> [Task directions] Each line of the data has to be retyped exactly as it is.

> [Input data]
^^^^^^^^

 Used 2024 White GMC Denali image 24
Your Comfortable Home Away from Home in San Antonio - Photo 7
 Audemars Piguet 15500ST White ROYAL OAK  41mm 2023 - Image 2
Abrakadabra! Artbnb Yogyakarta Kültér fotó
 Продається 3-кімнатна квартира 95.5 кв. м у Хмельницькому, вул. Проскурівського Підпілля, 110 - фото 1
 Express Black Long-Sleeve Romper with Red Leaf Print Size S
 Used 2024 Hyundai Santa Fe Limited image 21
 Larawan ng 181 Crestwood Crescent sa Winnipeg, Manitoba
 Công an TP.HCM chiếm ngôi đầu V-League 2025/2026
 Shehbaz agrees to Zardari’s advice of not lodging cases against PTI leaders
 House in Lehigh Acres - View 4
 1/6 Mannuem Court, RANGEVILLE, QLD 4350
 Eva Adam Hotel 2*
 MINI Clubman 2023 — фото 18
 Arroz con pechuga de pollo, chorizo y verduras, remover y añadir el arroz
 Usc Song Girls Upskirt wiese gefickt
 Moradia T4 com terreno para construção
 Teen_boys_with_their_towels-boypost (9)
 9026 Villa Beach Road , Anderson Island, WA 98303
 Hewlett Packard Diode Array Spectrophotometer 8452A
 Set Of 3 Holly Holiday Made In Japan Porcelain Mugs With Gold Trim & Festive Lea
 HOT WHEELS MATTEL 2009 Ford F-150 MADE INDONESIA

^^^^^^^^

> [Task response]
 Used 2024 White GMC Denali image 24
Your Comfortable Home Away from Home in San Antonio - Photo 7
 Audemars Piguet 15500ST White ROYAL OAK  41mm 2023 - Image 2
Abrakadabra! Artbnb Yogyakarta Kültér fotó
 Продається 3-кімнатна квартира 95.5 кв. м у Хмельницькому, вул. Проскурівського Підпілля, 110 - фото 1
 Express Black Long-Sleeve Romper with Red Leaf Print Size S
 Used 2024 Hyundai Santa Fe Limited image 21
 Larawan ng 181 Crestwood Crescent sa Winnipeg, Manitoba
 Công an TP.HCM chiếm ngôi đầu V-League 2025/2026
 Shehbaz agrees to Zardari’s advice of not lodging cases against PTI leaders
 House in Lehigh Acres - View 4
 1/6 Mannuem Court, RANGEVILLE, QLD 4350
 Eva Adam Hotel 2*
 MINI Clubman 2023 — фото 18
 Arroz con pechuga de pollo, chorizo y verduras, remover y añadir el arroz
 Usc Song Girls Upskirt wiese gefickt
 Moradia T4 com terreno para construção
 Teen_boys_with_their_towels-boypost (9)
 9026 Villa Beach Road , Anderson Island, WA 98303
 Hewlett Packard Diode Array Spectrophotometer 8452A
 Set Of 3 Holly Holiday Made In Japan Porcelain Mugs With Gold Trim & Festive Lea
 HOT WHEELS MATTEL 2009 Ford F-150 MADE INDONESIA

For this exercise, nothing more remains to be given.